Flow and heat transfer performances of directly printed curved-rectangular vortex generators in a compact fin-tube heat exchanger

Abstract

In this study, the flow and heat transfer characteristics of newly configured curved-rectangular vortex generators (VGs) in a compact fin-tube heat exchanger were numerically investigated. The proposed VGs were designed to be directly printed rather than being punched out from the plate fin surfaces. The influences of VGs on the overall flow structure and thermal mixing, and near-wall flow and thermal features were characterised in detail. The mechanisms of heat transfer enhancement were explored in terms of the secondary flow and field synergy theories. Results indicate two main mechanisms for the suppression of recirculation flows by applying VGs.

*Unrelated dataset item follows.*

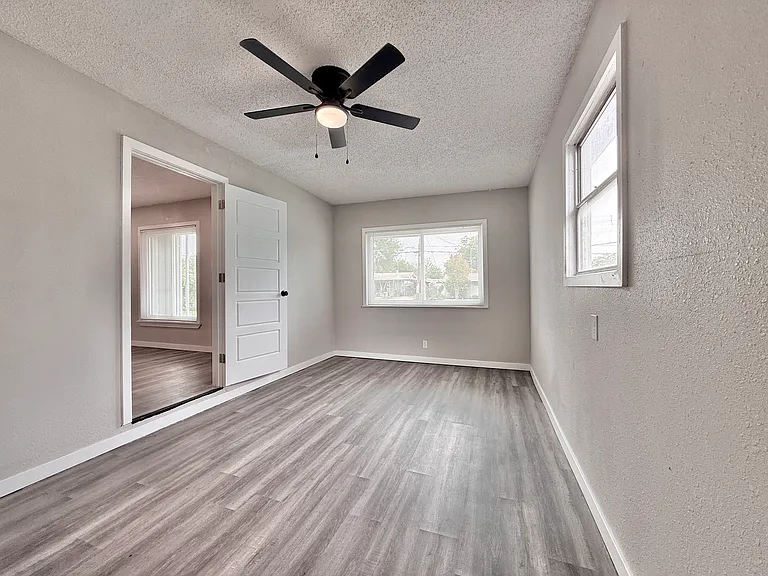 4535 Lark — Photo 26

The lowered local synergy angle rather than the enhanced local secondary flow intensity is the immediate mechanism for the enhanced heat transfer performance. Parametric analysis indicates that increasing VG height and radius increases both Nusselt number (Nu) and friction factor (f). An optimal VG configuration for the thermo-hydraulic performance is identified at the VG height ratio of 0.8 and radius ratio of 1.55, by which the obtained performance evaluation criterion (PEC) is about 1.3–1.5 times as that of the baseline over the tested Re range. Correlations are further developed to predict the Nu, f and PEC for future preliminary design purposes.